Signer les APE et livrer nos ressources minières et pétrolières aux intérêts des grandes puissances sont des actes de haute trahison car c’est encore enfoncer nos économies déjà vulnérables dans des abysses difficiles à l’extirper. Les multinationales de production et de distribution font la loi chez nous et nous confinent à être d’éternels consommateurs. Nos pays ne sont pas armés pour faire face à cette concurrence internationale où la spéculation financière et les pratiques mafieuses des multinationales sont légion.
Le Président de la République nous invite à évoluer dans un environnement où c’est la loi de la jungle qui va prévaloir. Notre secteur privé national n’a que ses yeux pour pleurer. Le peuple n’a que la fatalité pour espérer des jours meilleurs. Le président Macky Sall a intérêt à balayer devant sa porte avant de donner des conseils. Un pouvoir qui réprime et restreint les libertés n’est pas crédible pour donner des leçons et des conseils aux autres.

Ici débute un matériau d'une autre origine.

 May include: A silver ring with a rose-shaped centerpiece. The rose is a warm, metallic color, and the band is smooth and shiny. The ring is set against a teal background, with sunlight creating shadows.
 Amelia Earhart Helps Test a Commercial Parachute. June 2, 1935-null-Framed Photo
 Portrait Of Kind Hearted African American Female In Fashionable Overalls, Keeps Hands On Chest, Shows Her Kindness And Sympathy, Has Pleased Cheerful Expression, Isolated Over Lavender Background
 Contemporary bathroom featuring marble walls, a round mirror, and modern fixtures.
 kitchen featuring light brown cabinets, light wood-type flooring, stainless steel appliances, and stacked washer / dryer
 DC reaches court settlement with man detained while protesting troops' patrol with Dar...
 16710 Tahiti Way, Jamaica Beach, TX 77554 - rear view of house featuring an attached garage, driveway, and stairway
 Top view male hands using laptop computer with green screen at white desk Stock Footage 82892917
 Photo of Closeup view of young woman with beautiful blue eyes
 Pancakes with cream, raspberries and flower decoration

Quand un Président de la République cumule sa fonction avec celle de Chef de Parti Politique, il n’est pas crédible pour réprimer des contrevenants, car la morale républicaine réprouve son cumul. Quand un Président de la République cumule son salaire déjà astronomique pour un pays sous développé et sur endetté, avec des fonds politiques encore plus astronomiques, il n’a aucune crédibilité pour donner des leçons de bonne gouvernance ou de dialogue politique.
Qu’il commence à dissocier sa famille de la gestion de la chose publique avant de demander des changements de comportement. Qu’il commence par discipliner ses propres partisans qui se crêpent sans cesse le chignon depuis 2012 pour se partager le gâteau avant de discipliner le pays.
Notre pays (qui a toujours mis les charrues avant les boeufs) est toujours pressé de signer des accords et conventions internationales qui n’ont aucun apport dans la vie des citoyens ou envoyer des soldats dans des zones de conflit alors que la sécurité n’est pas assurée dans le pays. Par contre les dirigeants en profitent pour tisser des liens occultes, créer leurs réseaux d’enrichissement personnel et leurs deals en secret pour leur reconversion future. Ils n’ont cure de la satisfaction des besoins des peuples qui les ont élus.
La sécurité des personnes et des biens est loin d’être assurée dans notre pays. Par contre les dirigeants et leurs affidés se blindent. On comprend la taille disproportionnée du service de sécurité du président dont les déplacements ressemblent au déplacement du président Obama. On comprend l’arsenal répressif de nos forces de sécurité et le bâillonnement des libertés. La politique menée depuis 2012 ne produit que pauvreté et désolation car fondée sur la prédation et la prévarication de nos deniers publics, la mise à l’écart de notre secteur privé national, la manipulation des masses et la dépravation des mœurs.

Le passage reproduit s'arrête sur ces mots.